Using mice with human APOE genes, the team tested several antibodies that were designed to target the protein. They developed the antibodies in conjunction with Denali Therapeutics, a South San Francisco company that’s building an Alzheimer’s pipeline. They gave the mice either a placebo or an antibody in weekly injections for six weeks, measuring their brain plaques along the way.
One of the antibodies, called HAE-4, lessened the plaque load by half, the researchers reported in the Journal of Clinical Investigation.
What’s more, the antibody only affected APOE levels in the brain—not in the bloodstream. That’s important because APOE helps the body process fat and cholesterol, so removing it would create unwanted off-target effects.

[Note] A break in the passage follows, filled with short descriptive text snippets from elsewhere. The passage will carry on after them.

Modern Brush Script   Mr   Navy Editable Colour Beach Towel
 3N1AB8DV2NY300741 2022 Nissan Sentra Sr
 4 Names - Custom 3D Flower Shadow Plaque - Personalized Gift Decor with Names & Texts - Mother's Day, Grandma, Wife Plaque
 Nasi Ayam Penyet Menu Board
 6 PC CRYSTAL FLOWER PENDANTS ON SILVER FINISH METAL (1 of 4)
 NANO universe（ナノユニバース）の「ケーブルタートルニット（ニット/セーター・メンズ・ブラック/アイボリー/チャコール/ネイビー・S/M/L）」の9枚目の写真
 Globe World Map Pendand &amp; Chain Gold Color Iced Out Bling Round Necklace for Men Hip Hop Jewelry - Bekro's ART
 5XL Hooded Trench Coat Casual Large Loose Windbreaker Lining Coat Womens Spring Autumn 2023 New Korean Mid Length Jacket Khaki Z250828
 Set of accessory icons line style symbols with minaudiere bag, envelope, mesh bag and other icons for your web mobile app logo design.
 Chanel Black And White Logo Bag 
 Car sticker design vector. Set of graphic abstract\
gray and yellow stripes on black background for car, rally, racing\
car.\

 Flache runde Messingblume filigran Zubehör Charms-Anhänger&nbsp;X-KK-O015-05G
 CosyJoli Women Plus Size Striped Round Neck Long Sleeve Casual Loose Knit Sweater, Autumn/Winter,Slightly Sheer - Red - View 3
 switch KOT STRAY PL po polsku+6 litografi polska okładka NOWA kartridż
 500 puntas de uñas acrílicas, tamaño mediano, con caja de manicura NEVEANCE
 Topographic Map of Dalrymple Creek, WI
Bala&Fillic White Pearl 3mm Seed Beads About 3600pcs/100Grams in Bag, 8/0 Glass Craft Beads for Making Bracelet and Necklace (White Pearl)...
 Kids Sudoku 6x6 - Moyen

“It turns out that the APOE in the plaques has a different structure than the form of APOE found in the blood,” said senior author David Holtzman, M.D., head of the department of neurology at Washington University, in a statement. “The HAE-4 antibody recognized only the form found attached to the plaques in the brain.”
Antibodies targeting amyloid have been disappointing in clinical trials so far. Biogen’s and Eisai’s anti-amyloid beta drug BAN2401 is the most recent under-performer, with the companies announcing in December that 12-month data from a phase 2 trial didn’t look promising. The companies will make a decision about whether to proceed to phase 3 after looking at the 18-month results.
Another concern with anti-amyloid antibodies is that they could cause brain inflammation. Washington University’s Holzman is optimistic that an antibody targeting APOE will have fewer side effects because there is so little of the protein in amyloid plaques that the drug wouldn’t bind to them quite so tightly.
“This means we may find less immune activation, and we might not see the unwelcome side effects,” he said.
The next step for the research team is to test similar antibodies and to design further trials to determine whether they’re safe in people.